(The records Opens)
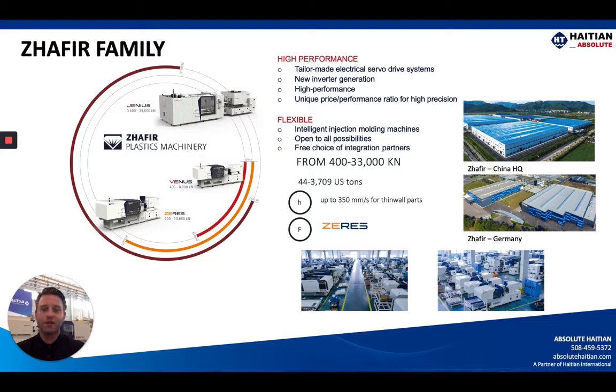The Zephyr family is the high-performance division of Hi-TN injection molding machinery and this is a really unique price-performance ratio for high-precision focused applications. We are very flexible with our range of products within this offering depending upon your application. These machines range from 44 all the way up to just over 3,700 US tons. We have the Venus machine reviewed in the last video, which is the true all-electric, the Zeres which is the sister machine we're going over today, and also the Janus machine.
(The records Closes)
(The records Opens)
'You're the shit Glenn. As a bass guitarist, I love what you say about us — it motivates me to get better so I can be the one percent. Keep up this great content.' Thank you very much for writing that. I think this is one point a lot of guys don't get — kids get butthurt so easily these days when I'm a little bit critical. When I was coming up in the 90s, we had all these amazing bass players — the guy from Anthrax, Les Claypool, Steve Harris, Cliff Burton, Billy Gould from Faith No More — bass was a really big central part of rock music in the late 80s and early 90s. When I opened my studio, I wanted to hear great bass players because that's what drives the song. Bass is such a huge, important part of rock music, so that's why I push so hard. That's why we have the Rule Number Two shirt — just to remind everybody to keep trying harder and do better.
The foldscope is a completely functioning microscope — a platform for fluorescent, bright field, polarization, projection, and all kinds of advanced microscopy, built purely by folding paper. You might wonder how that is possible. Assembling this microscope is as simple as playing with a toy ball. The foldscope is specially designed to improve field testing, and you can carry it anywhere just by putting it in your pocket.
(The records Closes)
(The records Opens)
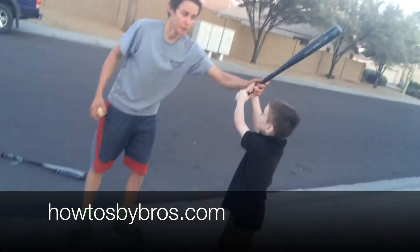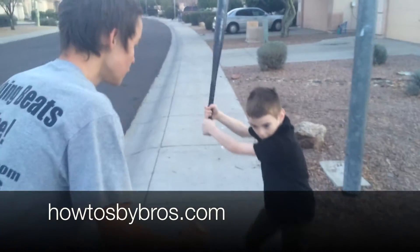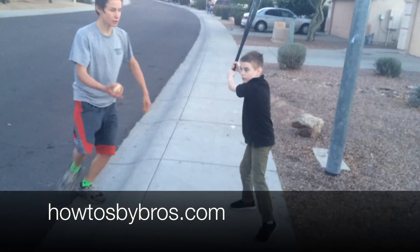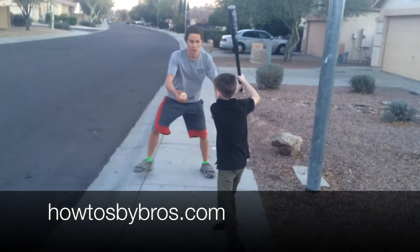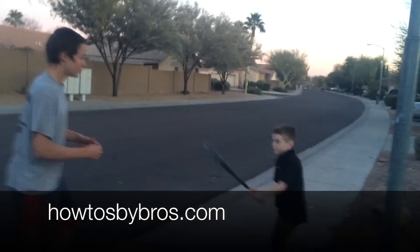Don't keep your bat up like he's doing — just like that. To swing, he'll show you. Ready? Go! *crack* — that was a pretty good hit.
(The records Closes)
Your task =
From the material above, retype precisely the lines between the line holding "and do better." and the line holding "The foldscope is a", inclusive, and nothing beyond them.

Reply to the task =
'You're the shit Glenn. As a bass guitarist, I love what you say about us — it motivates me to get better so I can be the one percent. Keep up this great content.' Thank you very much for writing that. I think this is one point a lot of guys don't get — kids get butthurt so easily these days when I'm a little bit critical. When I was coming up in the 90s, we had all these amazing bass players — the guy from Anthrax, Les Claypool, Steve Harris, Cliff Burton, Billy Gould from Faith No More — bass was a really big central part of rock music in the late 80s and early 90s. When I opened my studio, I wanted to hear great bass players because that's what drives the song. Bass is such a huge, important part of rock music, so that's why I push so hard. That's why we have the Rule Number Two shirt — just to remind everybody to keep trying harder and do better.
The foldscope is a completely functioning microscope — a platform for fluorescent, bright field, polarization, projection, and all kinds of advanced microscopy, built purely by folding paper. You might wonder how that is possible. Assembling this microscope is as simple as playing with a toy ball. The foldscope is specially designed to improve field testing, and you can carry it anywhere just by putting it in your pocket.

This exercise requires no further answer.